Input data
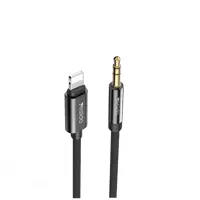  کابل تبدیل لایتنینگ به AUX یسیدو مدل YAU-17 طول 1.2 متر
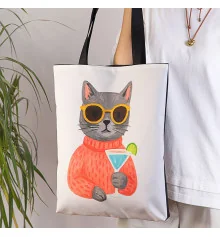Сумка жіноча тканинна Original Relax від котика купить в интернет магазине подарков ПраздникШоп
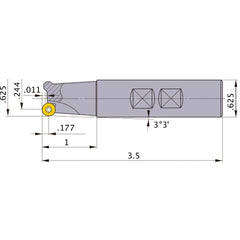 BRP4UNR101W10 INDEXABLE ENDMILL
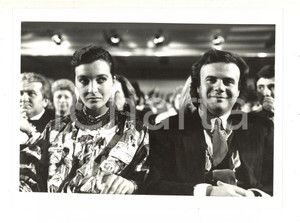 1985 ca FESTIVAL DI SANREMO Jerry CALA' e Marina SUMA in platea - Foto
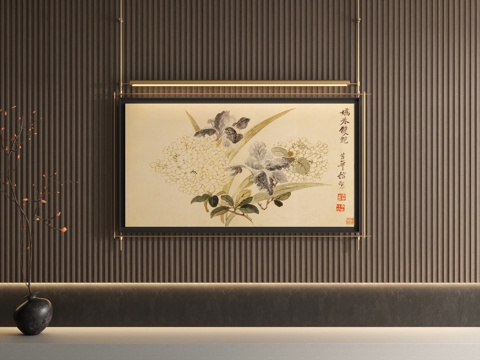 New Chinese Decorative Painting Flower Hanging Painting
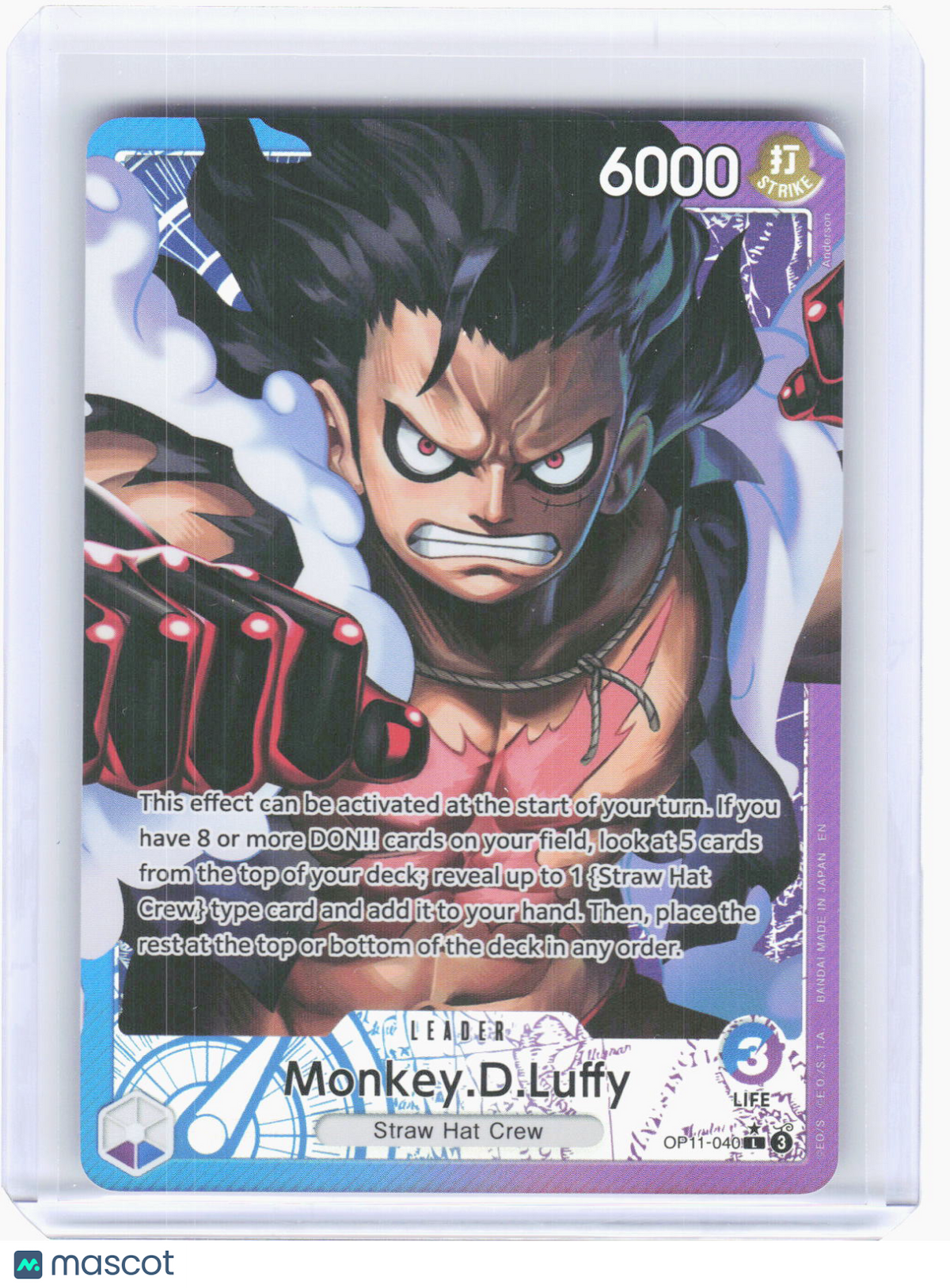 2022 One Piece Card Game—Monkey.D.Luffy (040) (Alt) #OP11-040 —Leader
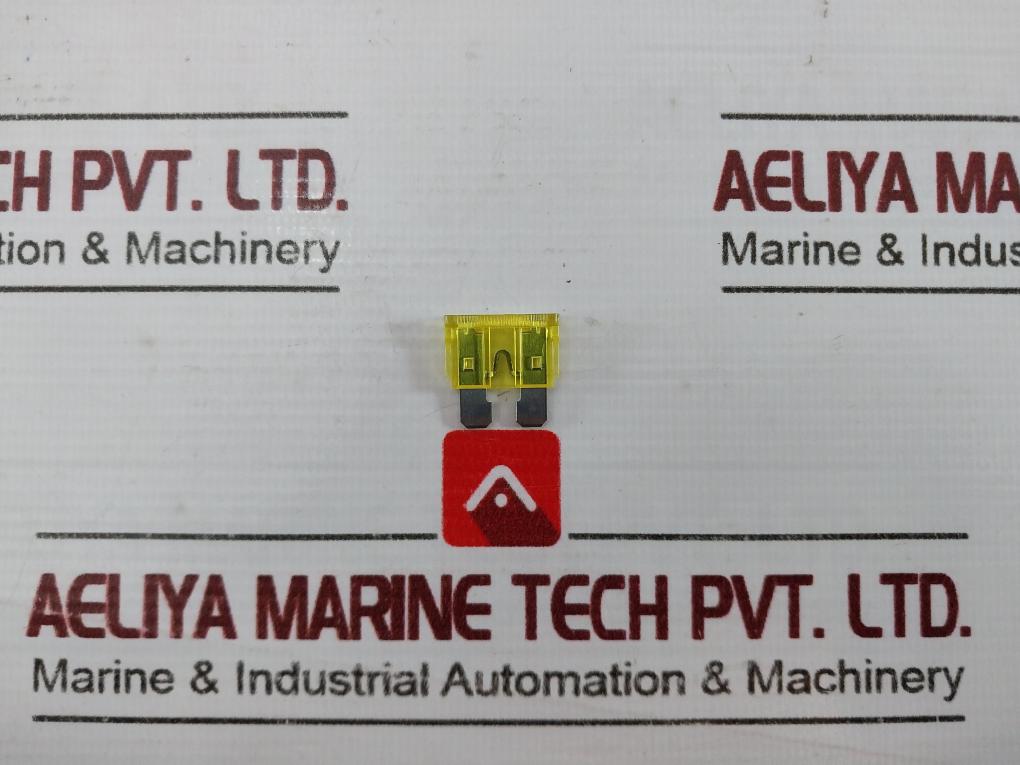 Lot Of 10X Zeeman Ats Standard Plug-in Fuse Yellow 20A Rs-220-0842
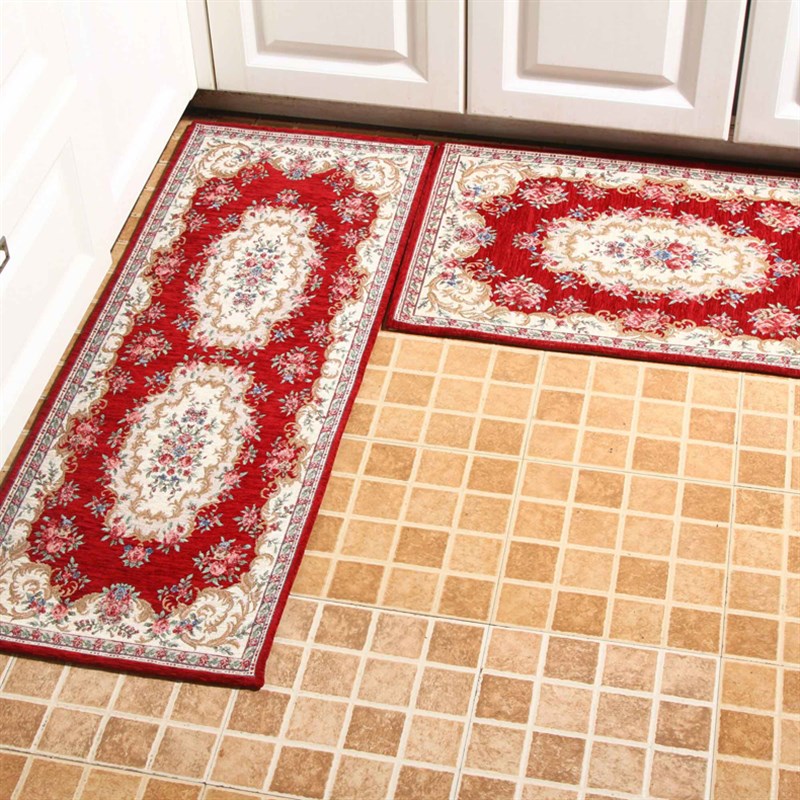 欧式厨房地垫f浴室防滑厅条床边家用门长入户脚垫加地长垫吸水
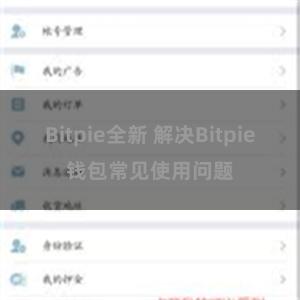 Bitpie全新 解决Bitpie钱包常见使用问题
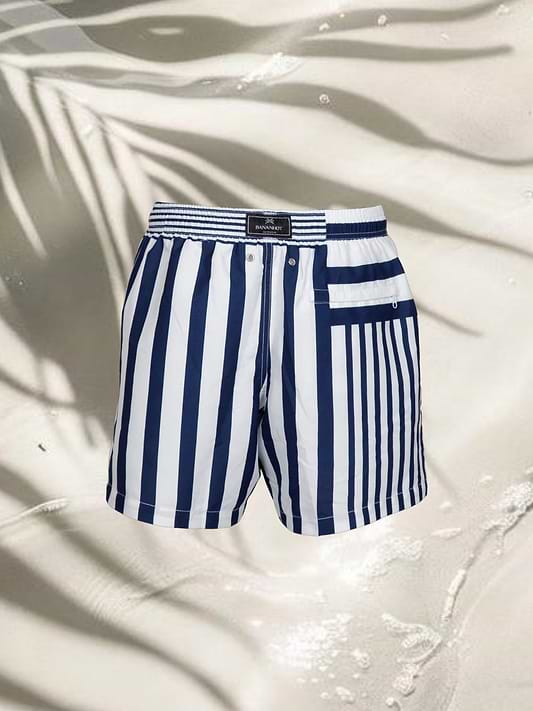 MAN SWIM SHORT - OCEAN STRIPES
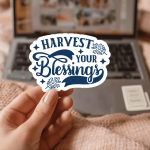 Harvest Your Blessings Stickers | Motivational mini decal pack, printed with a neat and refined appearance, ideal for planners, journals, notebooks, laptops, phone cases and scrapbooks, supporting personal reflection through simple visuals. - Image 2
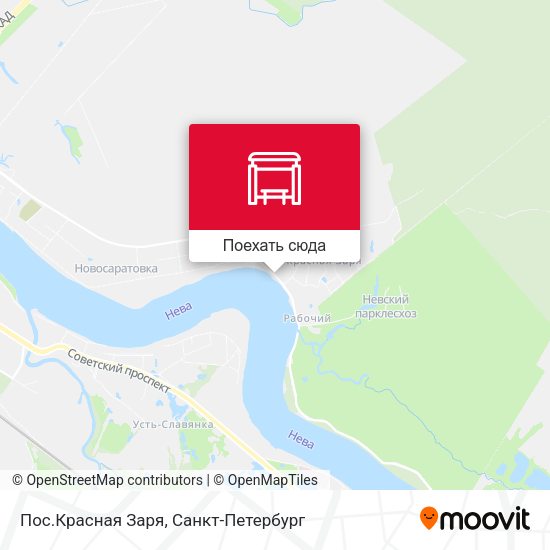 Карта Пос.Красная Заря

About this exercise
Both the line containing "Сумка жіноча тканинна" and the line containing "MAN SWIM SHORT - OCEAN STRIPES" above belong in the output, as do the lines between them. Print them exactly, without pictures.

Task solution
Сумка жіноча тканинна Original Relax від котика купить в интернет магазине подарков ПраздникШоп
 BRP4UNR101W10 INDEXABLE ENDMILL
 1985 ca FESTIVAL DI SANREMO Jerry CALA' e Marina SUMA in platea - Foto
 New Chinese Decorative Painting Flower Hanging Painting
 2022 One Piece Card Game—Monkey.D.Luffy (040) (Alt) #OP11-040 —Leader
 Lot Of 10X Zeeman Ats Standard Plug-in Fuse Yellow 20A Rs-220-0842
 欧式厨房地垫f浴室防滑厅条床边家用门长入户脚垫加地长垫吸水
 Bitpie全新 解决Bitpie钱包常见使用问题
 MAN SWIM SHORT - OCEAN STRIPES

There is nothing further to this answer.